■ What to work on ■
Nothing should appear in the answer except the lines from the one with "Edo competition Mercedes" through the end of the listing below, transcribed exactly and without pictures.

(Task inputs Opens)

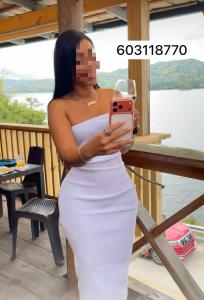 603118770: Chica busca chico en Guadalajara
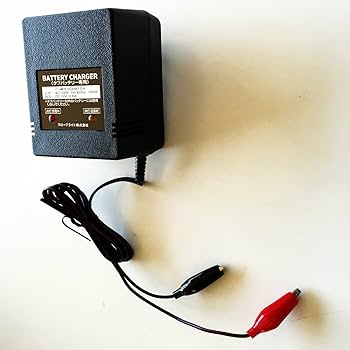 Amazon | ダイワ タフバッテリー 12000[4] | ダイワ(DAIWA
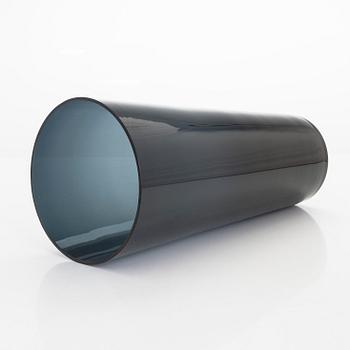 Kaj Franck, maljakko, "Kartio", IIttala.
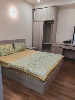 Căn hộ for Rent in Gold Sea Apartment, 172 Hoang Hoa Tham, Vũng Tàu, ₫11,800,000 / mo, photo 4
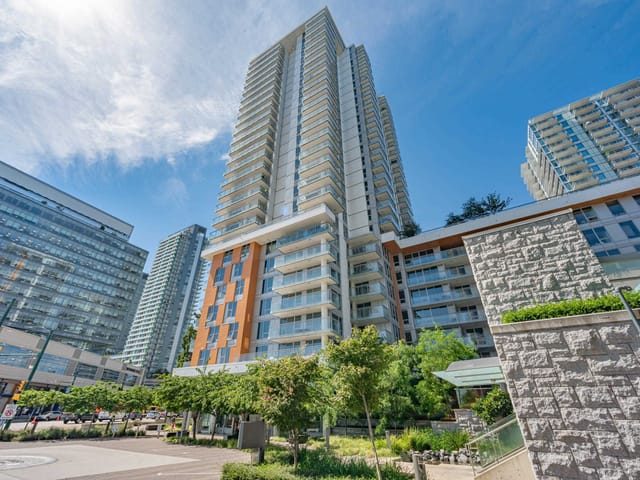 Apartment for sale in Vancouver, Vancouver West, 901 455 Sw Marine Drive, 263076533 | Realtylink.org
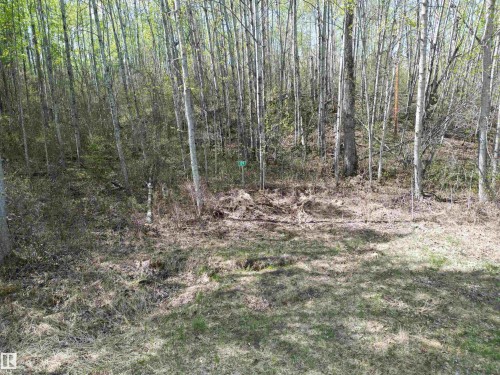 9&10 59316 Rr54, Rural Barrhead County, AB 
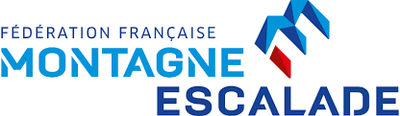 Club Escalade Jarlandin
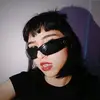 Britney Ramos - @britneyramos51 - TikTok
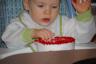 Time for Cake!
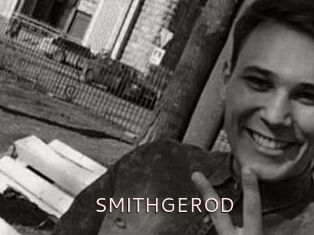 SMITH_GEROD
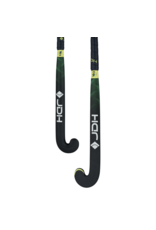 JDH X93TT Low Bow Hook-grn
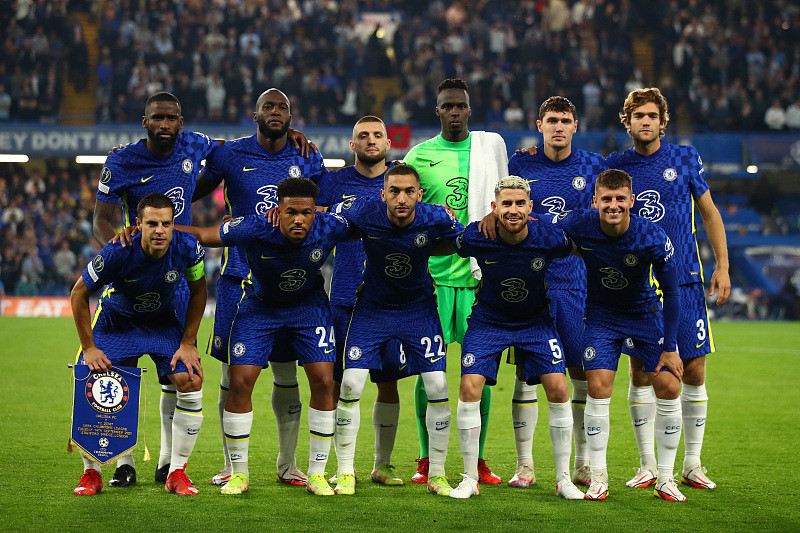 而是一条随 而是一条随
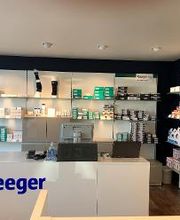 Seeger Gesundheitshaus GmbH & Co. KG Bild 1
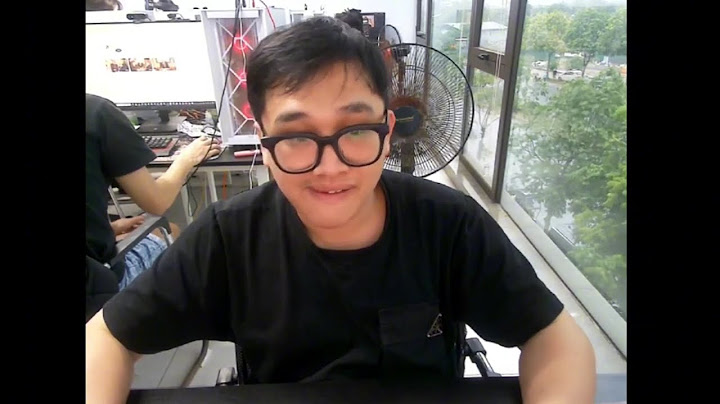 Office work hard with me 3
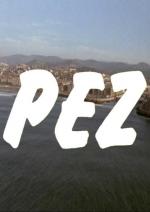 Pez (C)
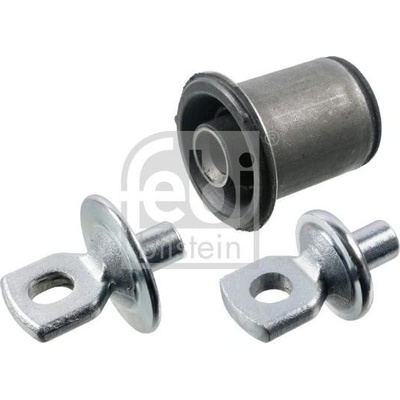 Uložení, řídicí mechanismus FEBI BILSTEIN 184156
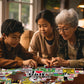 White Mountain 1000 Piece Jigsaw Puzzle Course Humor, I Love Golf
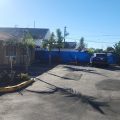 Casa Bell Motel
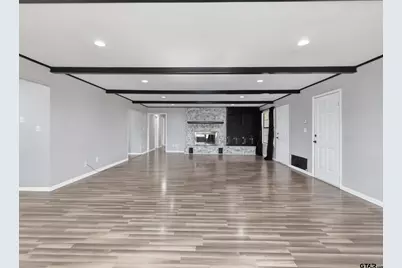 231 Quitman, Pittsburg, TX 75686 - Photo 3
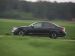 Edo competition Mercedes Benz C63 AMG Picture #4
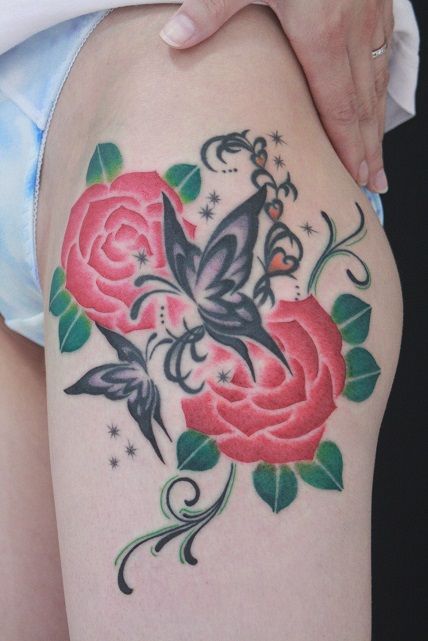 IMG_0442 - ���ԡ�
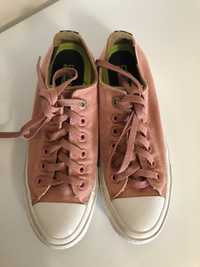 Converse All star 37.5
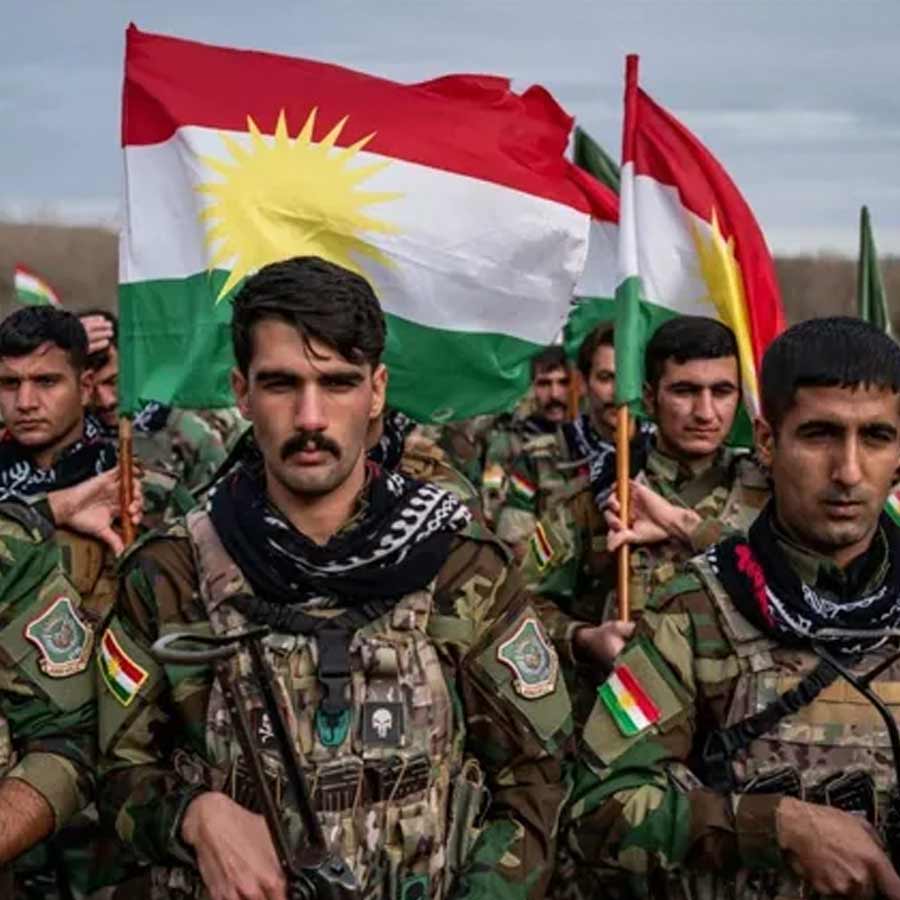 Is Iran war becomes Vietnam and Afghanistan for US President Donald Trump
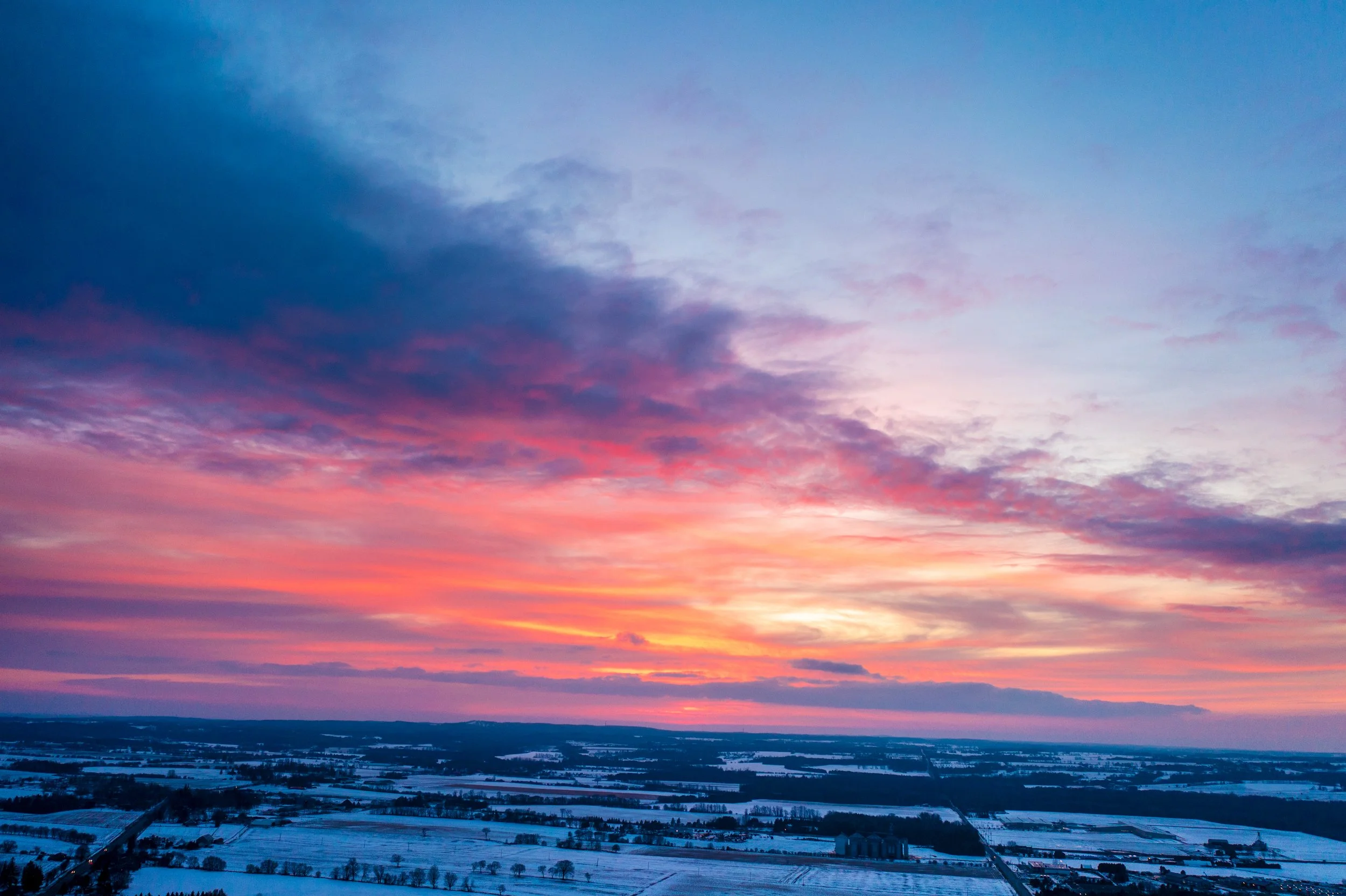 DJI_0462.jpg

(Task inputs Closes)

■ Expected output ■
 Edo competition Mercedes Benz C63 AMG Picture #4
 IMG_0442 - ���ԡ�
 Converse All star 37.5
 Is Iran war becomes Vietnam and Afghanistan for US President Donald Trump
 DJI_0462.jpg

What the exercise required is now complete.